Like all window functions, LAG() and LEAD() cannot be used in WHERE or HAVING:

-- WRONG: Will fail
SELECT product, month, revenue
FROM monthly_revenue
WHERE revenue > LAG(revenue) OVER (PARTITION BY product ORDER BY month);

Fix: Wrap in a CTE or subquery:

WITH with_prev AS (
SELECT
product,
month,
revenue,
LAG(revenue) OVER (PARTITION BY product ORDER BY month) AS prev_revenue
FROM monthly_revenue
)
SELECT product, month, revenue, prev_revenue
FROM with_prev
WHERE revenue > prev_revenue;

Output:

productmonthrevenueprev_revenue
Widget A2024-02-0114500.0012000.00
Widget A2024-04-0115800.0013200.00
Widget A2024-05-0116100.0015800.00
Widget B2024-03-019100.007200.00
Widget B2024-05-019500.008800.00

This returns only the months where revenue increased compared to the previous month.
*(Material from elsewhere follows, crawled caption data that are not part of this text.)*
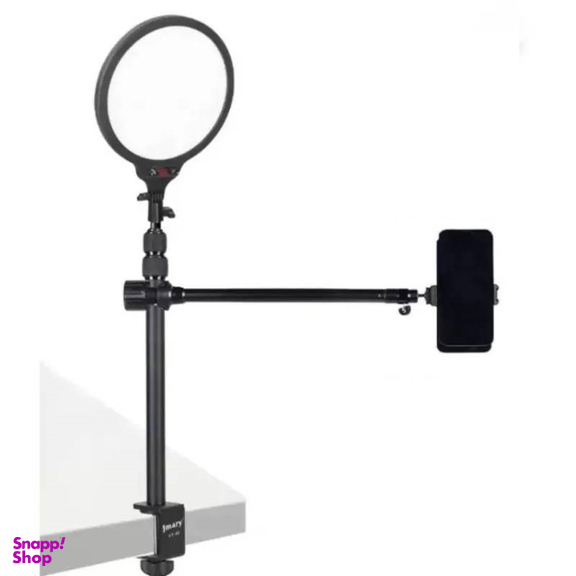 کیت عکاسی جی ماری مدل D-kit4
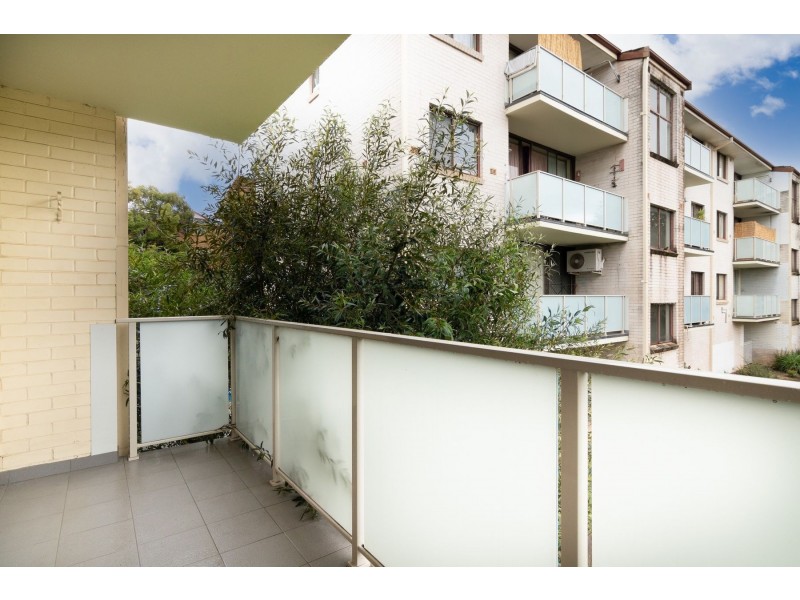 6/56-57 Park Avenue, Kingswood NSW 2747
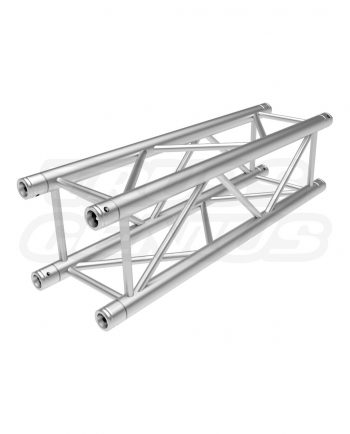 SQ-4110 Global Truss 3.28-Foot / 1.0-Meter F34 Truss Straight Section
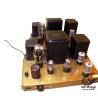 heathkit-w4am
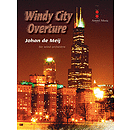 Windy City Overture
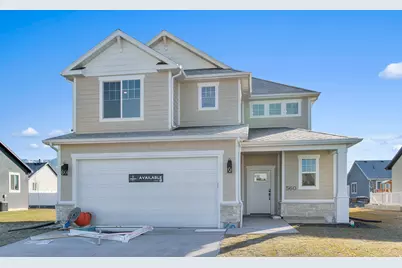 560 N 770 W #83, Smithfield, UT 84335 - Photo 2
Mistake 3: Not Extending the Frame for LAST_VALUE

This was covered in detail above, but it is worth repeating because it is the single most common error with LAST_VALUE():

-- WRONG: Returns the current row's value, not the partition's last value
LAST_VALUE(revenue) OVER (PARTITION BY product ORDER BY month)
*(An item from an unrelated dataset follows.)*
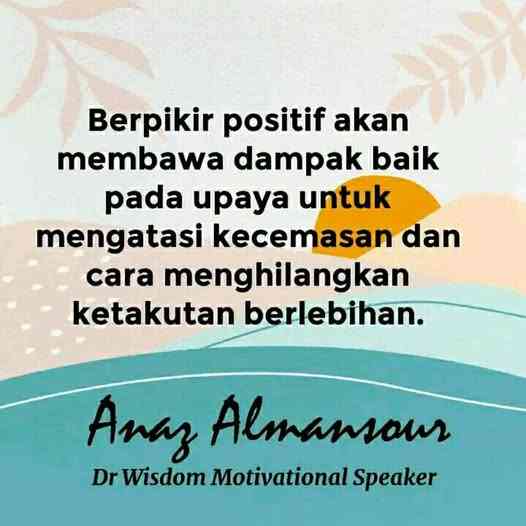 Zero Emotion Zero Emotion Quotient I Menghadapi Dengan Ketenangan - Kompasiana.com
-- CORRECT: Extends the frame to the end of the partition
LAST_VALUE(revenue) OVER (
PARTITION BY product ORDER BY month
ROWS BETWEEN UNBOUNDED PRECEDING AND UNBOUNDED FOLLOWING
)

Mistake 4: Confusing LAG/LEAD with FIRST_VALUE/LAST_VALUE

These function pairs solve different problems:

FunctionWhat it returns
LAG(col, N)The value from N rows before the current row
LEAD(col, N)The value from N rows after the current row
FIRST_VALUE(col)The value from the first row of the window frame
LAST_VALUE(col)The value from the last row of the window frame

LAG and LEAD are relative to the current row (always a fixed offset). FIRST_VALUE and LAST_VALUE are relative to the window frame boundaries (which can be the entire partition or a sliding window). Do not use LAG(col, 3) when you actually need the first value of a partition. They may happen to produce the same result on row 4, but they will diverge on every other row.

Summary

The SQL LAG LEAD family of window functions gives you the ability to compare rows with their neighbors without self-joins or correlated subqueries:

  • LAG(column, offset, default) looks backward to retrieve a value from a previous row. Perfect for month-over-month and day-over-day comparisons.
  • LEAD(column, offset, default) looks forward to retrieve a value from a subsequent row. Useful for forecasting comparisons and detecting future changes.
  • FIRST_VALUE(column) returns the value from the first row of the window frame. Ideal for comparing every row against a baseline or starting point.
  • LAST_VALUE(column) returns the value from the last row of the window frame. Requires an explicit frame (ROWS BETWEEN UNBOUNDED PRECEDING AND UNBOUNDED FOLLOWING) to work as most people expect.
  • The ROWS BETWEEN frame specification controls exactly which rows a window function can see, enabling sliding windows, forward-looking computations, and correct LAST_VALUE() behavior.

These four functions are the backbone of period-over-period analysis, trend detection, and baseline comparisons in SQL. Combined with PARTITION BY, they let you perform these calculations independently within each group, making them indispensable for reporting and analytics.